For visualization, we will make a density plot, using `geom_density()`. Density plots are a good choice to visualize how quantities are distributed (https://serialmentor.com/dataviz/histograms-density-plots.html). We will fill the densities according to the variable `Plural`, so that we obtain three separate age distributions, one for single births, one for twin births, and one for triplet births.
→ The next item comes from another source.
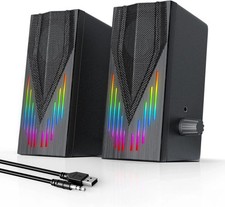 Pc Computer Speakers With Surround Sound Usb Wired Laptop Deep Bass For Desktop Gaming Speaker price
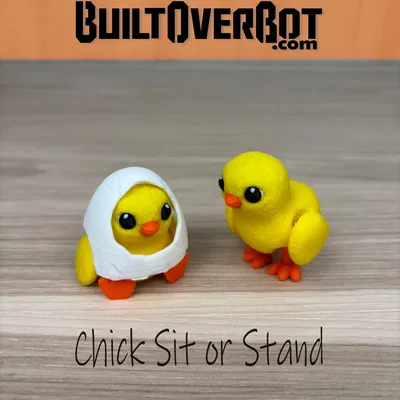 Chú Gà Con Đáng Yêu - Phiên Bản Đứng Hoặc Ngồi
**Analysis:** We begin with the summary statistics.

```{r }
NCbirths %>% 
  group_by(Plural) %>%
  summarize(
    count = n(),
    min = min(MomAge),
    median = median(MomAge),
    max = max(MomAge),
    iqr = IQR(MomAge)
  )
```

The mothers' ages in this dataset range from 13 to 43. The widest age range is observed for mothers with single births. Mothers of triplets span a much narrower age range from 30 to 37. Notably, there are only 4 mothers of triplets but 1362 mothers of single babies.

```{r}
# we need to fill by `factor(Plural)` instead of `Plural` to make sure
# ggplot treats this variable as categorical, not numerical.
ggplot(NCbirths, aes(MomAge, fill = factor(Plural))) +
  geom_density(alpha = 0.5)
```

**Discussion:** The most notable feature of this dataset is difference in the number of mothers with singlet, twin, and triplet births. There are 1362 of the first, but only 43 of the second and only 4 of the third type. Consequently, we expect the age range to be the broadest for singlet births, simply we have so many more observations, and indeed the minimum and maximum ages are the most extreme for mothers with single births. The IQR is also the largest in this case. Next, we see that the median age seems to increase from singlet to twin to triplet (26, 30, and 34 years, respectively), but we did not perform any statistical test to see whether this pattern is significant. Notably, the four mothers with triplets are all comparatively old, between 30 and 37 years, with an IQR of 1.75 years. We can speculate about the origin of this pattern: Triplets are almost always caused by in-vitro fertilization, and young mothers are unlikely to perform this procedure. 

The density plot generally recapitulates the observations we have made with simple summary statistics, but we notice a few problems that show the density plot is slightly misleading. First, even though we know from the summary statistics that the most extreme ages are observed among mothers with single birhts, the density plot makes it look like the ages of mothers with twins are more broadly distributed. Second, the plot is dominated by the age distribution of mothers of triplets, which shows three prominent peaks. This visualization completely hides that we have many more observations for mothers of singlets than for mothers of triplets, and it might cause us to put too much confidence in the age distribution of mothers of triplets.